Two masked gunmen opened the onslaught in Paris with a Jan. 7 attack on the paper, singling out its editor and his police bodyguard for the first shots before killing 12 people in all. Ahmed Merabet, a French Muslim policeman, was one of the victims, killed as he lay wounded on the ground as the gunmen — brothers Said and Cherif Kouachi — made their escape.

People carry the coffin of police officer Ahmed Merabet, covered with a French flag, during funerals at the Muslim cemetery in Bobigny, outside Paris, Tuesday. (Gonzalo Fuentes/Reuters)
Charlie Hebdo, which lampoons religion indiscriminately, had received threats after depicting Muhammed before, and its offices were firebombed in 2011. Its editor, Stéphane Charbonnier, was under constant guard. Its surviving staff say they have been working feverishly since the attacks in loaned office space to put out the latest issue.

France's main Muslim organization called Tuesday for calm, fearing that a new Muhammad cartoon could inflame passions anew.

'They died so that we could live free'

At police headquarters in Paris, French President Francois Hollande paid separate tribute Tuesday to the three police officers killed in the attacks, placing Legion of Honor medals on their caskets.

"They died so that we could live free," he said, flanked by hundreds of police officers.

Hollande vowed that France will be "merciless in the face of anti-Semitic, anti-Muslims acts, and unrelenting against those who defend and carry out terrorism, notably the jihadists who go to Iraq and Syria."

As Chopin's funeral march played in central Paris and the caskets draped in French flags were led from the building, a procession began in Jerusalem for the four Jewish victims of the attack Friday on a kosher supermarket in Paris.

"Returning to your ancestral home need not be due to distress, out of desperation, amidst destruction, or in the throes of terror and fear," said Israeli President Reuven Rivlin. "Terror has never kept us down, and we do not want terror to subdue you."

The joint funeral drew thousands of mourners and prompted calls from Israeli leaders for Jews living elsewhere to return to Israel. (Baz Ratner/Reuters)

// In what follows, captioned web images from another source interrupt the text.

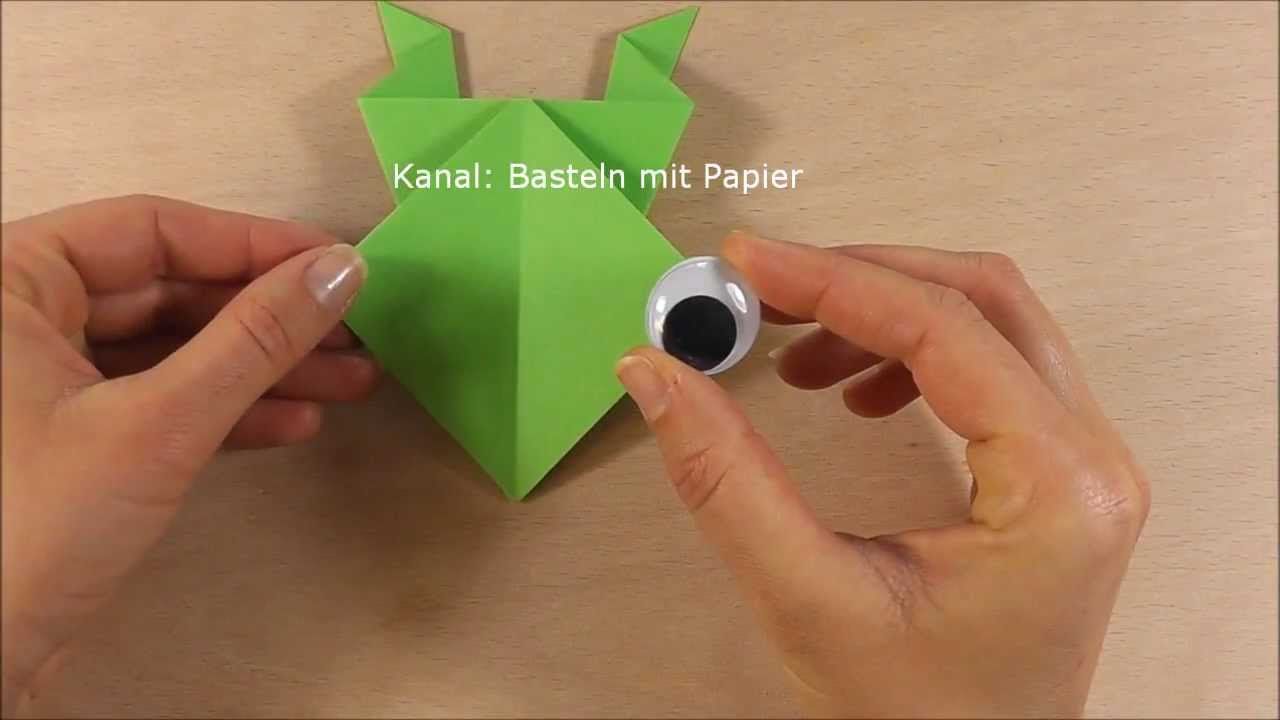 YouTube | Frosch basteln, Origami frosch, Frosch falten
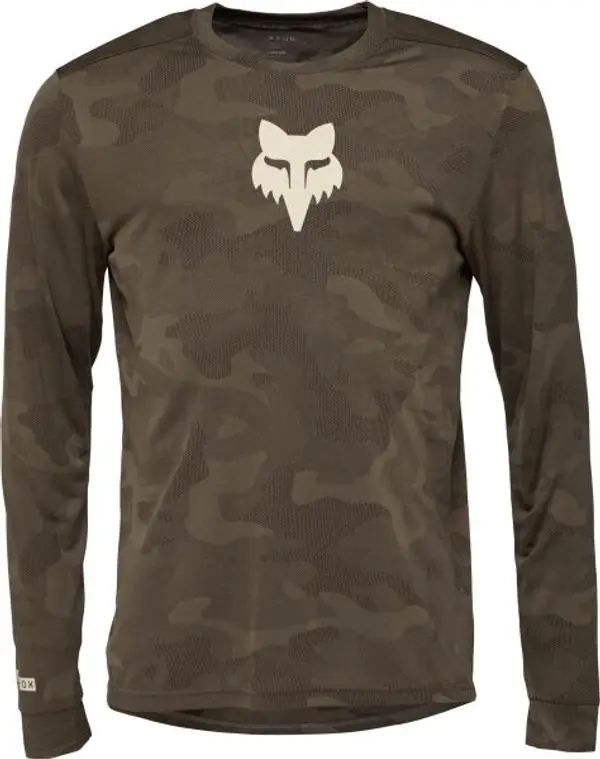 Fox Fox RANGER TRU DRI LS Мъжка фланелка за колоездене, khaki, размер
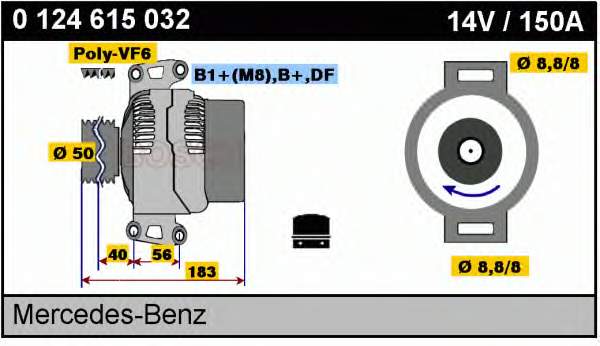 0124615032 Bosch gerador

In an emotional ceremony at a hillside cemetery amid tight security, Israeli Prime Minister Benjamin Netanyahu denounced the "terrorism of extremist Islam" behind Friday's assault on the grocery and called on Jews around the world to return to Israel.

"Today, more than ever, Israel is the true home of all of us, and the greater our number and the more united we are in our land, the stronger we will be in our one and only country — and that is the hope of the entire Jewish people," he said.

Another arrest made

French police say as many as six members of the militant cell that carried out the Paris attacks may still be at large, including a man seen driving a car registered to the widow of one of the gunmen. The country has deployed 10,000 troops to protect sensitive sites, including Jewish schools and synagogues, mosques and travel hubs.

Amid the hunt for accomplices, Bulgarian authorities said Tuesday they have a Frenchman under arrest who is believed to have links to Cherif Kouachi, one of the Charlie Hebdo attackers.

Mourners attend the joint funeral in Jerusalem on Tuesday for the victims of Friday's attack on a Paris grocery. (Baz Ratner/Reuters)
Fritz-Joly Joachin, 29, was arrested Jan. 1 as he tried to cross into Turkey, under two European arrest warrants, one citing his alleged links to a terrorist organization and a second for allegedly kidnapping his 3-year-old son and smuggling him out of the country, said Darina Slavova, the regional prosecutor for Bulgaria's southern province of Haskovo.

"He met with Kouachi several times at the end of December," Slavova said.

The Kouachi brothers and their friend, Amedy Coulibaly, the man who killed four hostages in the Paris grocery, died Friday in clashes with French police. 

Two French police officials told The Associated Press that authorities were searching around Paris for the Mini Cooper registered to Hayat Boumeddiene, Coulibaly's widow, who Turkish officials say is now in Syria.